10. The apparatus of claim 7, wherein the feed mechanism further comprises:

a relatively slow speed gripper section operably attachable to a geared sliding table located upstream of the shear tooling, the gripper designed to securely hold the tube and accurately position the tube relative to the shear tooling based on controller and sensor feedback.

11. The method of claim 1 further comprising the steps of:

advancing the tube to a shear plane when the shear tooling is closed; and

determining whether or not a trailing end of the tube has moved past a sensor located upstream of the shear tooling a distance greater than a known length of tube.

12. The method of claim 1 further comprising the step of:

moving the tube forward with a gripper portion of the feed mechanism until the sensor locates a trailing end of the tube or until the gripper runs out of a finite travel.
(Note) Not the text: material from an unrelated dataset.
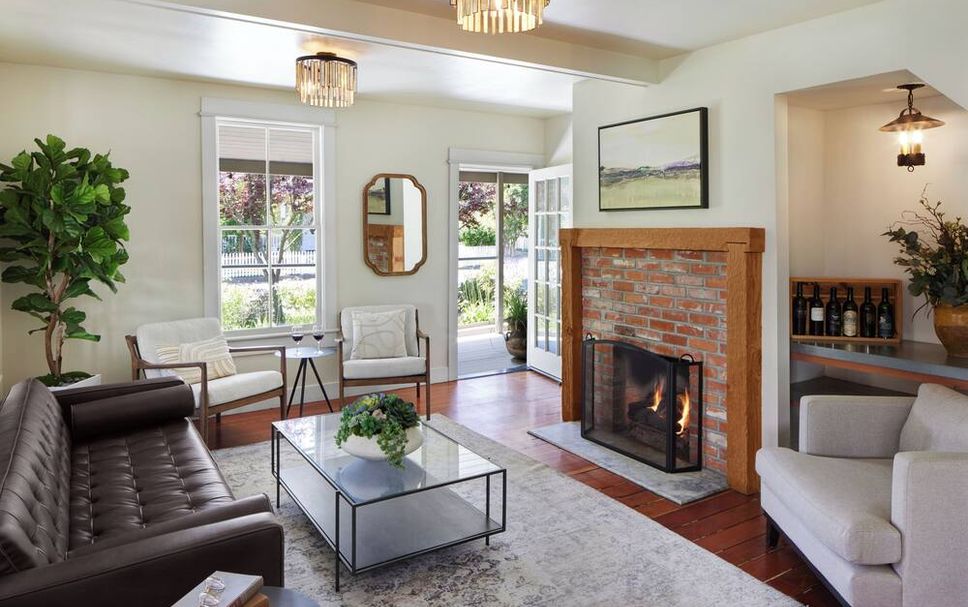 Living room Photo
13. The method of claim 12 further comprising the step of:

signaling an alarm if the sensor is not triggered by the passing of the trailing end of the tube when the feed mechanism has advanced the tube to a shear plane and after the gripper has advanced forward to the end of the travel.

14. The method of claim 1 further comprising the steps of:

operating the feed mechanism to advance the tube after successfully position registering the tube if crop cutting is desired; and

crop cutting the end of the tube with the shear mechanism.

15. An apparatus for position registering the lead end of a tube relative to a shear plane defined by shear tooling comprising:

a feed mechanism for advancing a tube along a tube feed path to a shear plane;

a controller in communication with sensors, actuators, and other movable machinery for controlling the tube shearing operation a shearing mechanism located downstream from the feed mechanism for shearing the tube to the desired length; and

a sensor located upstream from the shear plane for determining if a tube is positioned at a desired location and communicating the information to the controller.

16. The apparatus of claim 15, wherein the sensor is a photocell having a transmitter and receiver that can sense whether the beam being transmitted by the transmitter is blocked by a solid object.

17. The apparatus of claim 15, wherein the feed mechanism further comprises:

a high speed section that includes a pair of opposing spinning rollers located downstream of the front of the apparatus for contacting opposing sides of the tube and moving a tube quickly to a gripper section located near the shear plane of the apparatus.

18. The apparatus of claim 15, wherein the feed mechanism further comprises:

a relatively slow speed gripper section operably attachable to a geared sliding table located upstream of the shear tooling, the gripper designed to securely hold the tube and accurately position the tube relative to the shear tooling based on controller and sensor feedback.